Ending war, sexism, racism, oligopoly is important but change will only happen when society as a whole is affected. Veganism is something we can do now, and convince others to do now. It will only result in large social change when there are enough of us, but every single vegan has an impact on how many deaths occur, and it is something we can all do, right now.

Our blogger leaves us with a rationalization of how and why veganism is white-centered and why it such white-centeredness is not a problem:

Veganism is not the province of any race. Just because a majority of online vegans are “white”, that does not make it a “white” issue. I’d guess the majority of people commenting on police killings in the US are also “white”, even though the victims are generally “black”. I’d guess that’s an artefact of internet participation and availability of time, …and it’s changing.

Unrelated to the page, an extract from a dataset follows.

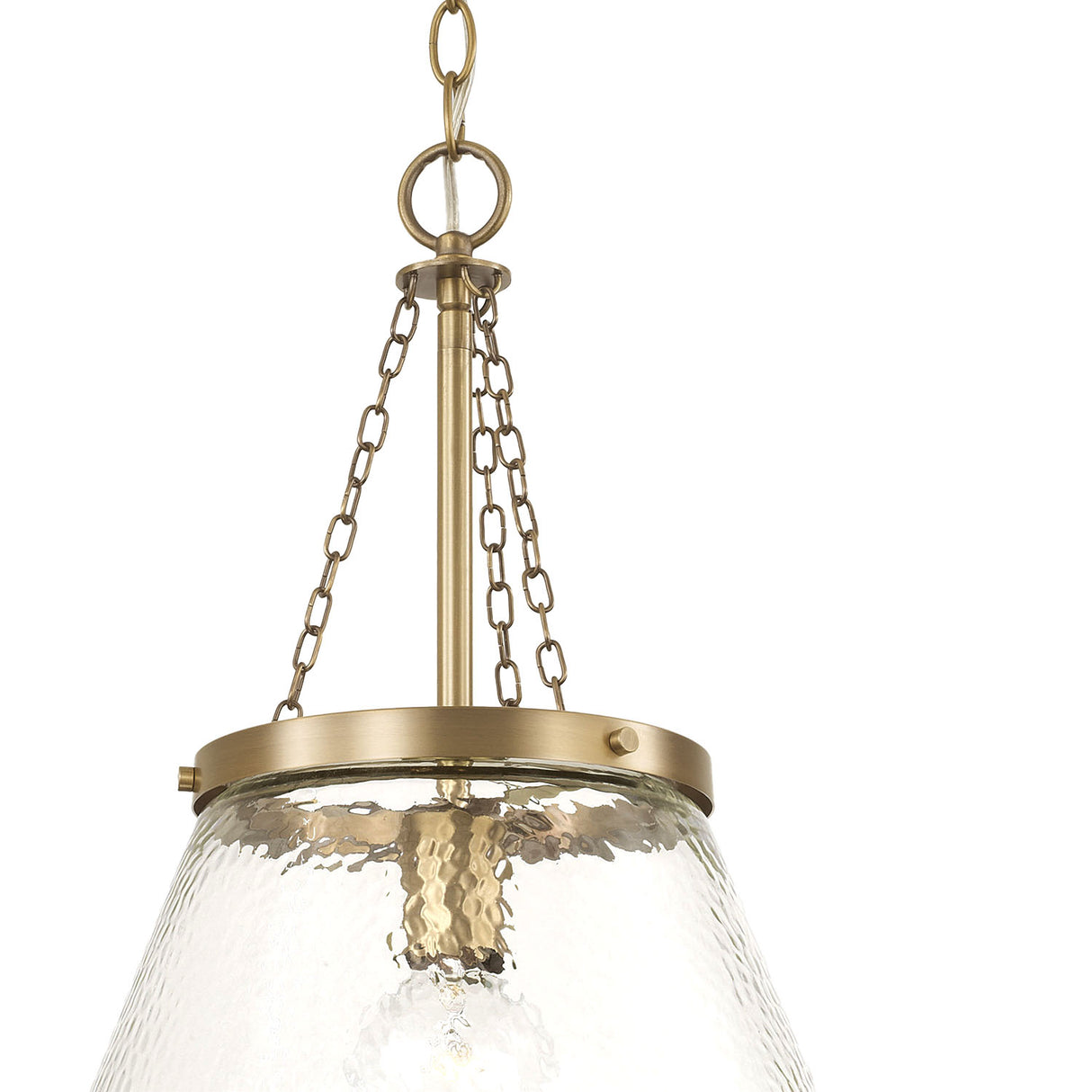Elora Pendant 15", Aged Brass with Hammered Glass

Apparently, if Blacks are not visible online it is simply an “artefact of internet participation and availability.” White centeredness is not a numbers game. It specifically refers to how whites dismiss, ignore and otherwise make invisible the presence of Blacks. Did this blog author even look online for Black vegans? Our author continues:

I look at this issue, the current scurrying to shame abolitionist vegan advocates as racist, with dismay. The promotion of the idea that there are “exceptional” circumstances for people of colour, and that it is racist not to address these circumstances, is not helpful, …and I think it holds a certain contempt for people of colour. The issues of veganism are not different for people of colour. Our thinking is not different. We either recognise the autonomy, the moral personhood, of other animals, and respect them enough not to use them as things, or we don’t. There are no “special” economies for people of colour. Plant-based diets are cheap diets, and traditionally the diets of the poor. There are no “special” cultural conditions for people of colour in most parts of this global consumer world. [emphasis added]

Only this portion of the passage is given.